Cela se fait déjà, paraît-il, dans d'autres pays. Et chacun applaudit: voilà une belle astuce! Et marquée au coin du bon sens… Quoi? Taxer le jeu, les paris, la loterie nationale pour financer la culture, et notamment l'achat d'œuvres d'art par les collectivités publiques. Faut dire que dans la mesure où l'Etat suit les spéculateurs, les cotes élevées coûtent la peau des fesses de la nation -si j'ose me permettre.

La question s'est posée ces jours-ci au Parlement, où l'on discutait en première lecture la nouvelle loi sur les musées de France. Nos musées sont régis depuis 1945 par une ordonnance parfaitement obsolète. On projette de réunir musées publics et musées privés sous un label unique apportant aux nouveaux labellisés, à la fois une tutelle, des avantages et des obligations. Bon. Soudain un député a déposé un amendement… Et malgré l'opposition de madame Tasca, la chambre a voté la taxation de 1% du chiffre d'affaires des casinos. Ca rapporterait 600 millions de francs, six fois les crédits d'acquisition actuels, paraît-il.

Vraiment, cette affaire est trop drôle. D'abord parce que les députés ont voté à l'unanimité. Ça vous a un côté expéditif qui pourrait exprimer un certain agacement devant un problème insoluble. Ce que j'appellerai le syndrome "Allez hop!".

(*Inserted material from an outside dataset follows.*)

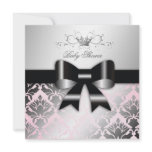 311-Damask Shimmer Black Bow Pink Baby Shower Personalized Announcement
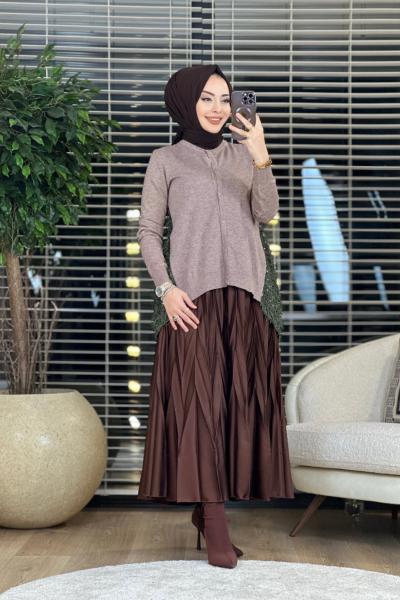 20525 Pul Payet Detaylı Düğmeli Hırka Vizon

Je suis pour cet amendement. Pourtant ses motifs sont absurdes. Et ce qui m'intéresse ici, c'est la psychanalyse de l'idée: l'argent sale pour des besoins propres… Mystère de l'esprit humain: on rapproche des choses si éloignées qu'elles doivent bien quelque part être voisines, non? Ce qui coûte un prix fou doit être pris chez les fous. Le mal (le "démon du jeu") au service du bien: la culture. Et cætera. Et que diriez-vous de cette suggestion: taxer la pornographie pour subventionner les chorales d'enfants?

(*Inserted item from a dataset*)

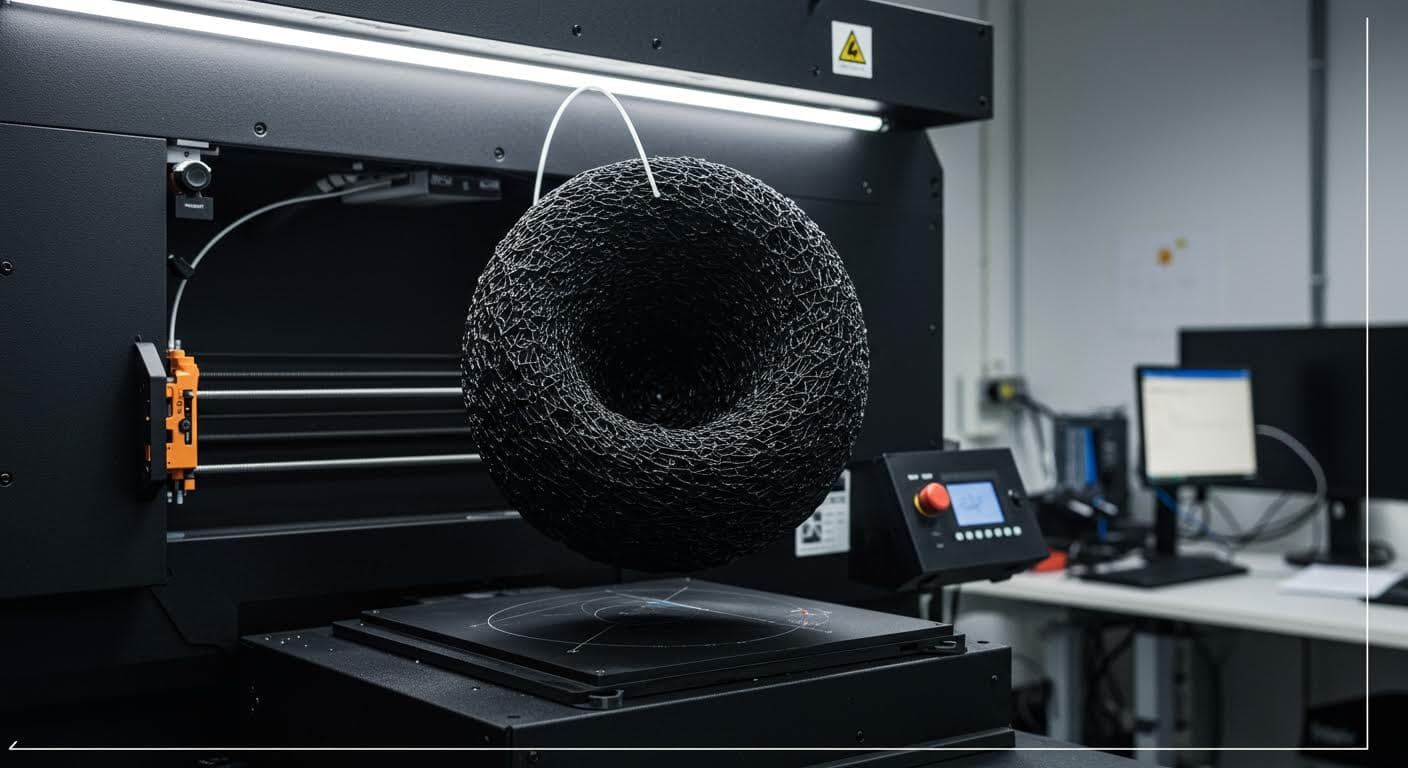 Abstrakte, visuelle Repräsentation eines Schwarzen Lochs in der Astrophysik, basierend auf Gravitationswellen, rein grafisch ohne Labels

Voilà ce qui me fait rire: l'enthousiasme de tous pour faire comme s'il y avait un rapport. Et comment l'extravagance prend l'aspect du bon sens. Lequel bon sens est d'ailleurs justifié, j'en conviens, par l'attitude du spéculateur d'art: ce qui fait la valeur d'une œuvre recherchée, c'est qu'elle est recherchée, et il n'y a pas loin de la démarche d'un François Pinault à celle du turfiste. A la salle des ventes comme au casino, la question posée est: comment suivre… (Dépenser des milliards dans ce cadre s'oppose d'ailleurs à l'aide à la création d'aujourd'hui. D'où peut-être l'agacement des députés: allez hop, mettons-les tous ensemble.)

Hélas, cette extravagance parlementaire passée en première lecture n'ira pas loin. D'abord parce que, dans ce pays, la règle, c'est qu'il n'existe pas -heureusement- d'impôts directement affectés. (Sauf des exceptions, comme le mécénat d'entreprise, par exemple. C'est d'ailleurs pour cette raison que j'y suis opposé: on permet à une entreprise de sortir de son objet social pour se substituer à l'Etat dans sa fonction essentielle, la redistribution.)

Mais passons. Ça ne se fera pas, parce que Bercy est contre. Bercy est une sorte de sphinx méchant qui marmonne entre ses dents sur la Seine, là-bas, dans l'Est. Les élus du peuple sont pour? Bercy les empêchera de s'oublier, ou d'avoir de l'humour, ou un beau soir de mai de confondre les torchons et les serviettes.

Vous avez noté: six fois les crédits. Imaginez ce qu'on se mettrait à acheter comme croûtes, nains de jardins et théières de ma tante Marthe si l'amendement finissait en loi. Quel dommage que Bercy nous interdise cette apothéose!